BEIJING -- Tensions between China and the United States and its Asian allies escalated Monday as Beijing immediately criticized an announcement earlier in the day that the United States and Japan had reached a major agreement to deploy a second advanced missile-defense radar on Japanese territory.
The fresh conflicts, coming as China and Japan have been sparring over claims to disputed islands in the sea between them, emerged as Defense Secretary Leon E. Panetta arrived in Beijing from Tokyo to meet this week with China's leadership, including Xi Jinping, expected to become the nation's next president.
The scheduling of Panetta's meeting with Xi was made public only as the defense secretary flew to Beijing. It suggests that Xi, currently serving as China's vice president, has made a recovery from whatever ailment -- physical or political -- had kept him from making public appearances for two weeks.

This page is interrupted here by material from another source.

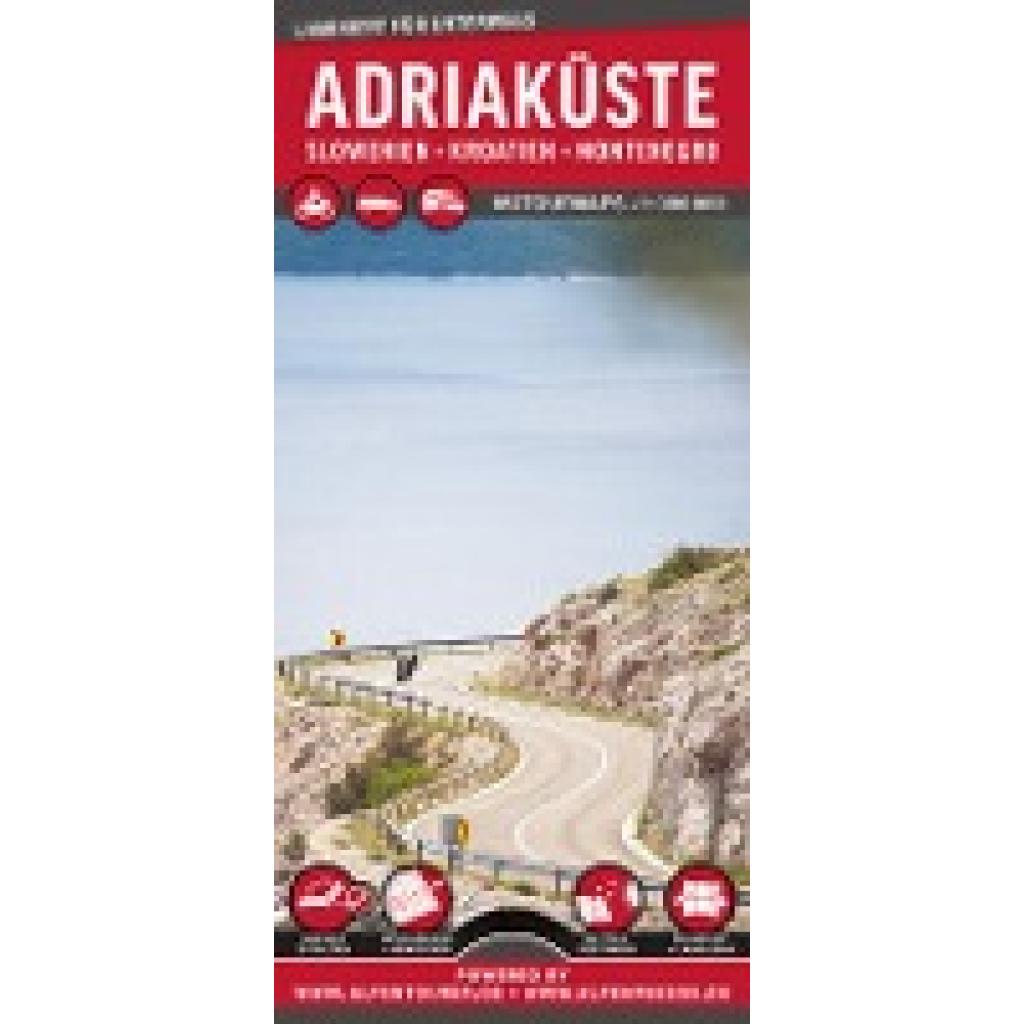 MoTourMaps Adriaküste Slowenien . Kroatien . Montenegro Auto- und Motorradkarte 1:300.000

During a stopover in Tokyo before flying to China, Panetta praised the radar system as essential to enhancing how the U.S.-Japanese alliance can defend its people and territory from attack by North Korea -- and stressed that it was not aimed at China.
"The purpose of this is to enhance our ability to defend Japan," Panetta said at a news conference in Tokyo.
But Chinese observers reacted strongly, saying the system was also aimed at China, where officials fear that their relatively small nuclear deterrent could be greatly diminished
Although he has been in Asia for only two days, Panetta has been asked repeatedly about the sovereignty dispute -- and each time he responded that the United States was not taking sides in any of the region's territorial disagreements. Washington, he said, is advocating a diplomatic process to resolve the tensions peacefully.